If I had followed the counsel of “always assume the best” of the other, I would have been reminded that there is so much more that I don’t know about another person’s life than what I do know.
Lastly, pay attention to the who, the what, and the how of correction.
Who is the person I am compelled to correct? What I mean by that is: What is my relationship with them? What is my role in their life? Is this particular relationship one in which I have the responsibility to offer correction? One way to determine that (on a subjective level) is to ask yourself: Has this person given me permission to correct them? I know that that is a bit of a “fuzzy” question, but attending to it can save you a lot of grief. Even when it comes to certain close friends and family members, we learn quickly enough that some of them have not given us permission to speak truth into their lives. I have to be willing to accept the fact that they may not accept correction.
What is the point on which I want to offer correction? Am I wanting to correct a mere preference of mine, or is this something worth correcting? Am I putting forth merely an opinion, or is this the actual truth? Beyond that basic question, I may also have to ask whether the importance of this correction is worth cashing in my “relationship clout” with the other person. There is such a thing as “majoring in the minors.” Is this point of correction going to get in the way of being able to help my friend or family member when it comes to a more serious issue?
How one offers correction might be the most important element of all. If we remember the first thing to keep in mind (that I am approaching this person with my own baggage and failures), then the how becomes clearer. St. Peter wrote, “Always be ready to give a reason for the hope that is within you, but do it with gentleness and reverence, keeping your conscience clear …” (1 Pt 3:15-16) While he is talking about offering a defense for your faith in Christ, being aware of the call to speak with “gentleness and reverence” when offering correction is necessary.

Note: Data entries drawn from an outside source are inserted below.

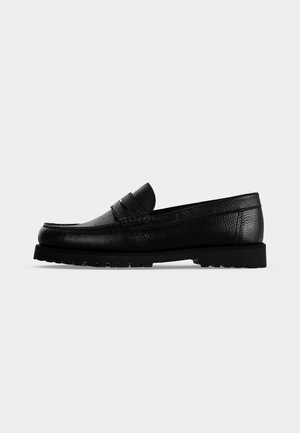 Chaussure mocassin penny en cuir noir avec dessus texturé et semelle épaisse à relief, présentée de profil sur un fond clair uni.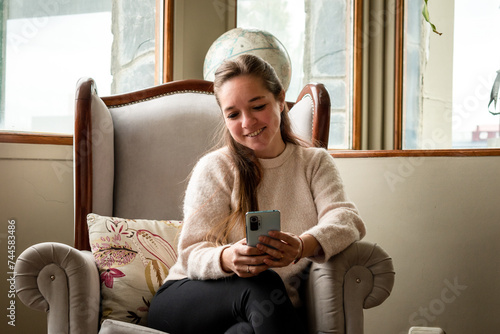 Mujer viendo su teléfono móvil sentada en el sofá de su sala de estar	 photo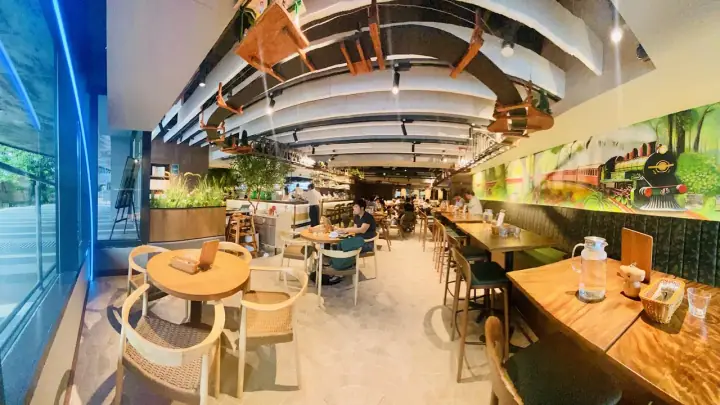 A small dog standing beside its owner at Surrey Hills Grocer in The Woodleigh Mall, Singapore, with the cafe's vintage train-station theming, station-bench seating, and the pet retail corner in the background.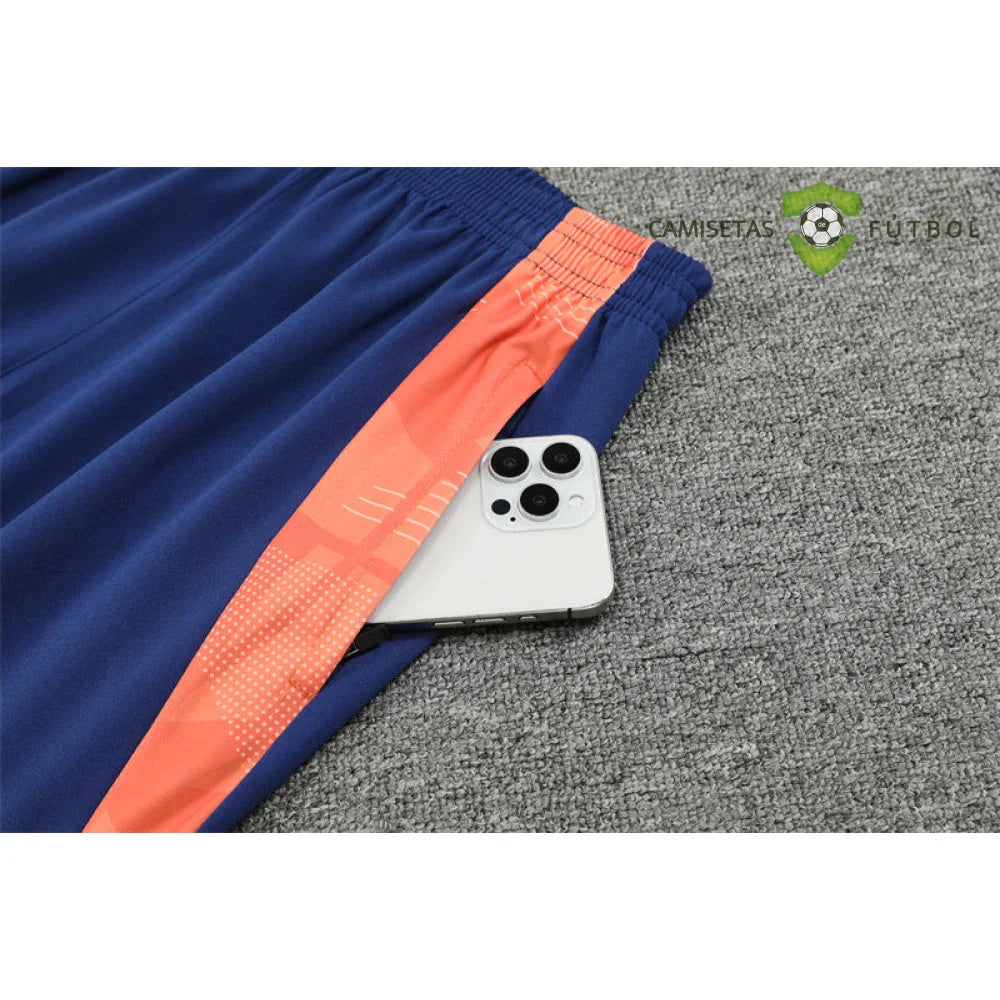 Chandal Manchester United 24-25, media cremallera, Modelo 1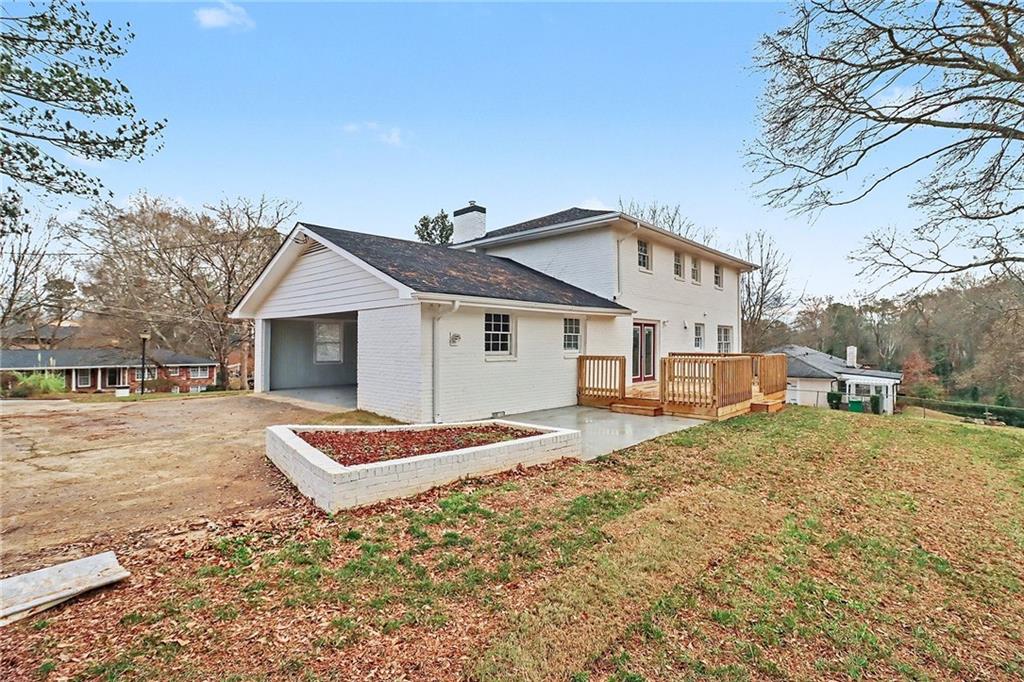 4373 Buckingham Circle Decatur, GA 30035 - Photo 34 of 40 a front view of a house with a yard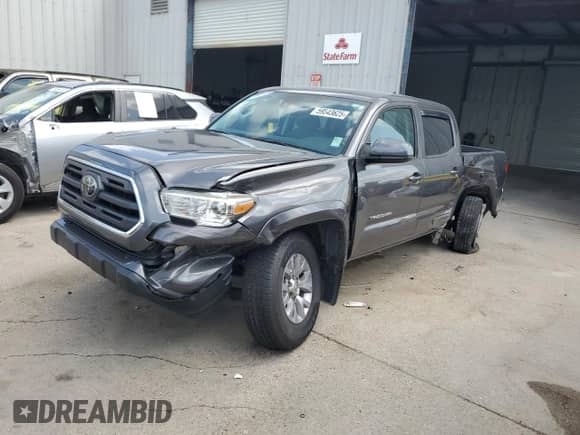 2019 Toyota Tacoma TRD Sport with VIN 5TFAZ5CN4KX078788, listed as a Copart auction lot 59543625 with 66,302 mi miles and Salvage title. Bid and sale history available at DreamBid. Image 1.
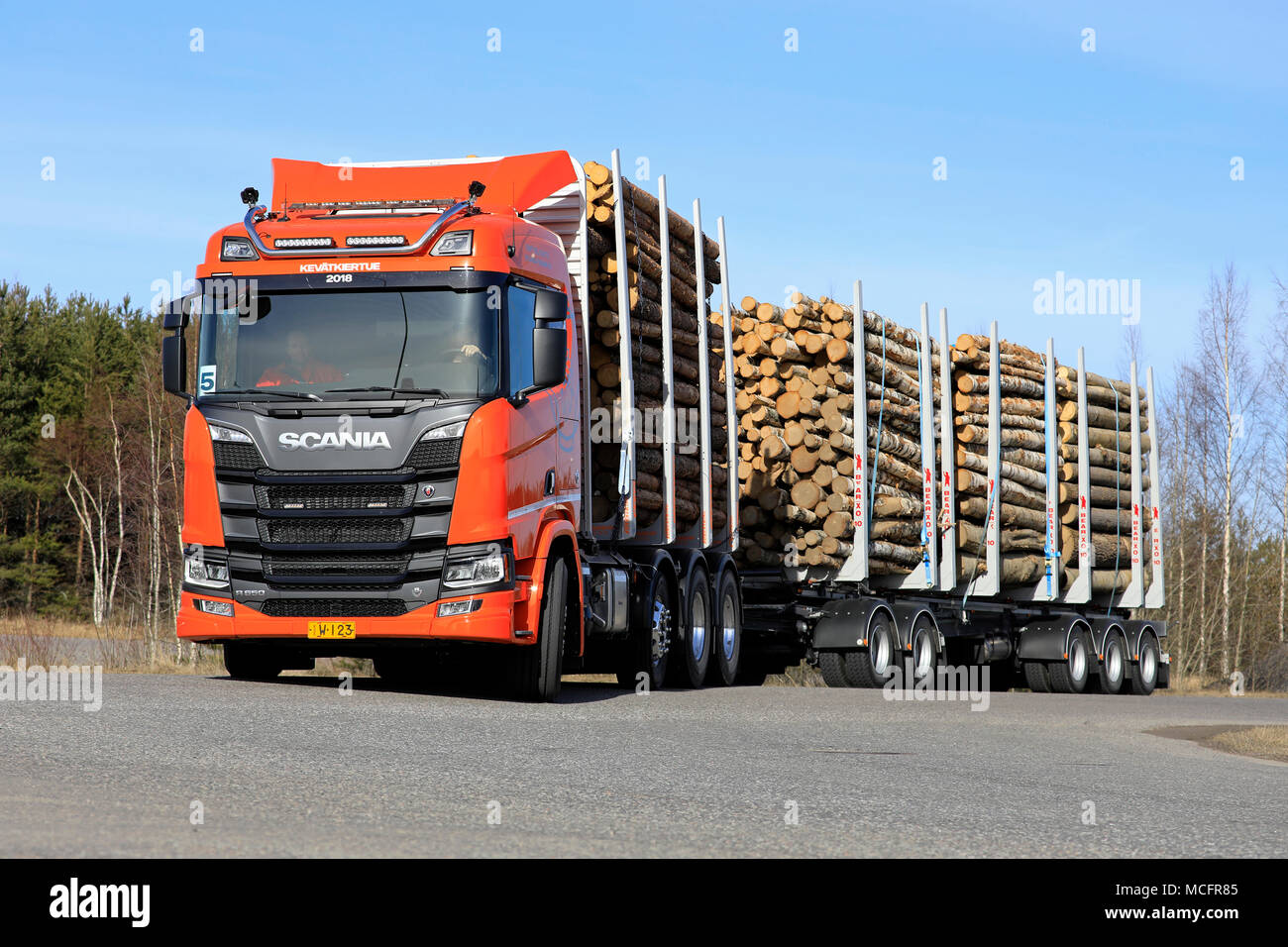 LIETO, FINLAND - APRIL 12, 2018: Orange Scania R650 logging truck on test drive on Scania Tour 2018 in Turku. Stock Photo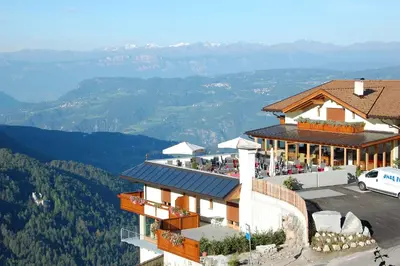 a large swimming pool in a hotel with chairs at Hotel Gstatsch in Alpe di Siusi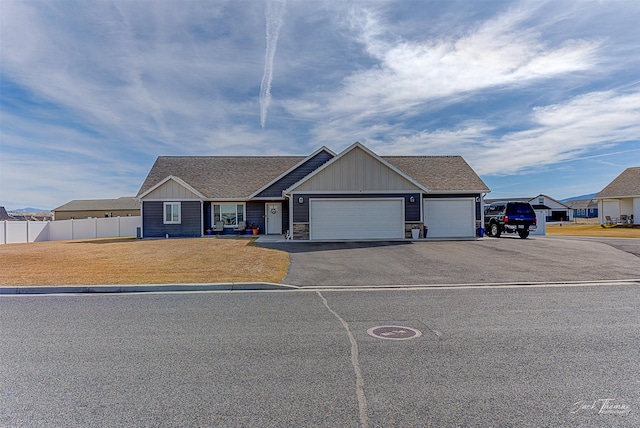 3875 Saint Marys Rd, East Helena, MT 59635 - ranch-style home featuring an attached garage, board and batten siding, asphalt driveway, and a shingled roof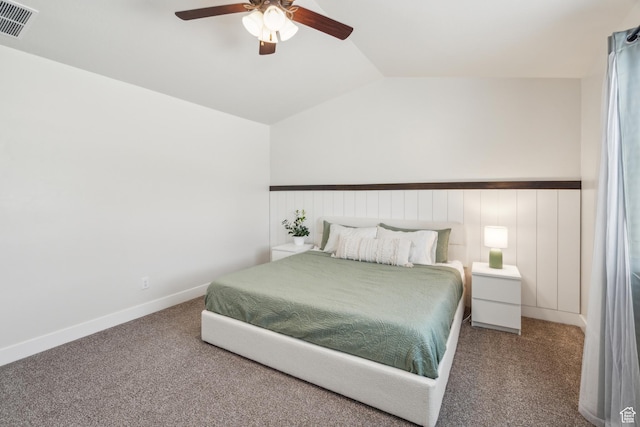 carpeted bedroom featuring vaulted ceiling, a ceiling fan, and a wainscoted wall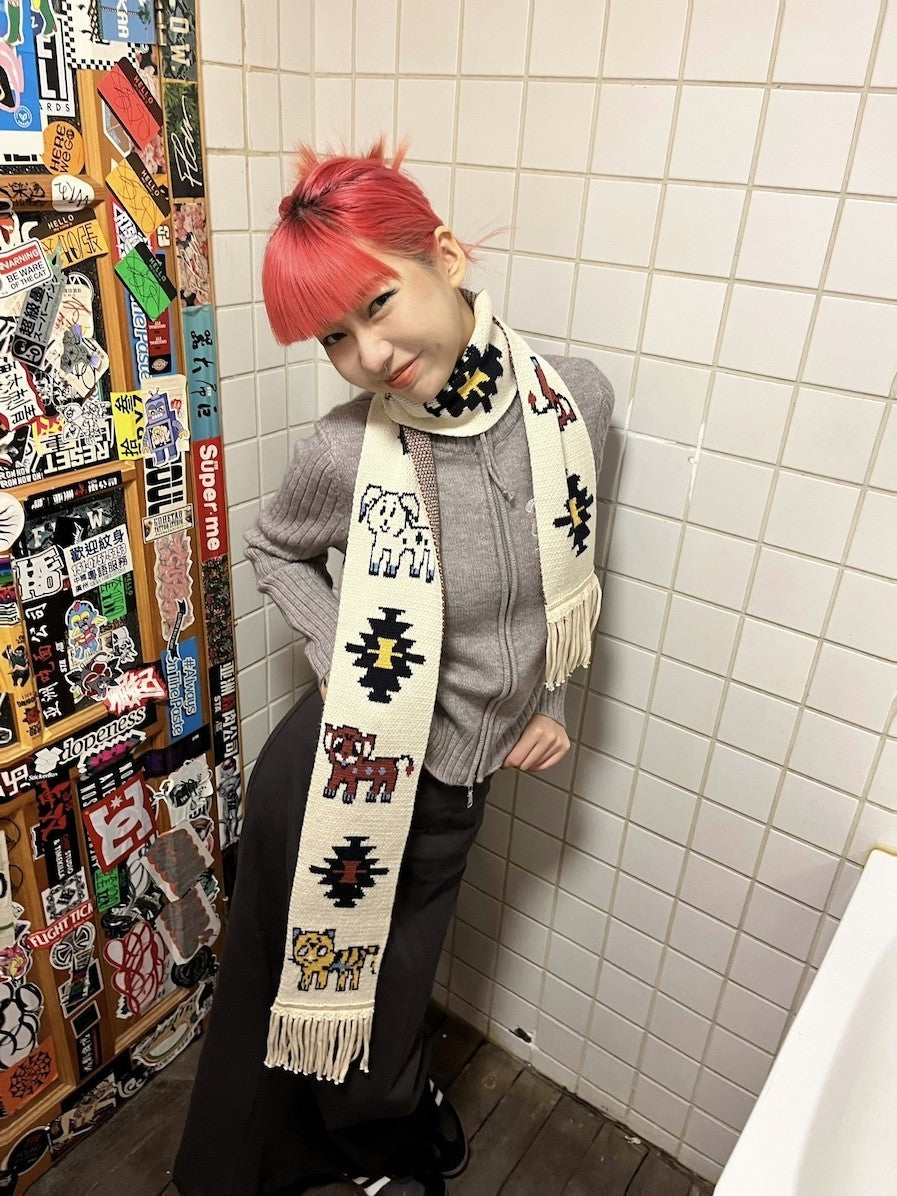 Front view of Unsocial Night illustrated animal knit scarf showcasing the custom jacquard graphic motif, soft ribbed knit texture, and long twisted fringe edges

In addition, Jesus makes it very clear that we are not given permission to publicly correct our brothers and sisters. He said, “If your brother sins against you, go and tell him his fault, between you and him alone. If he listens to you, you have gained your brother. But if he does not listen, take one or two others along with you, that every charge may be established by the evidence of two or three witnesses. If he refuses to listen to them, tell it to the church. And if he refuses to listen even to the church, let him be to you as a Gentile and a tax collector.” (Mt 18:15-17) The first step is to correct privately, and the penultimate step is to bring it to the Church, not the world. This is important to remember in our social media age.
The responsibility to offer correction is not to be taken upon oneself lightly. Prayer is necessary. Examining one’s own motives is necessary. And finally, being willing to go unheard and unheeded is also necessary.
Father Michael Schmitz is director of youth and young adult ministry for the Diocese of Duluth and chaplain of the Newman Center at the University of Minnesota Duluth. Reach him at firstname.lastname@example.org.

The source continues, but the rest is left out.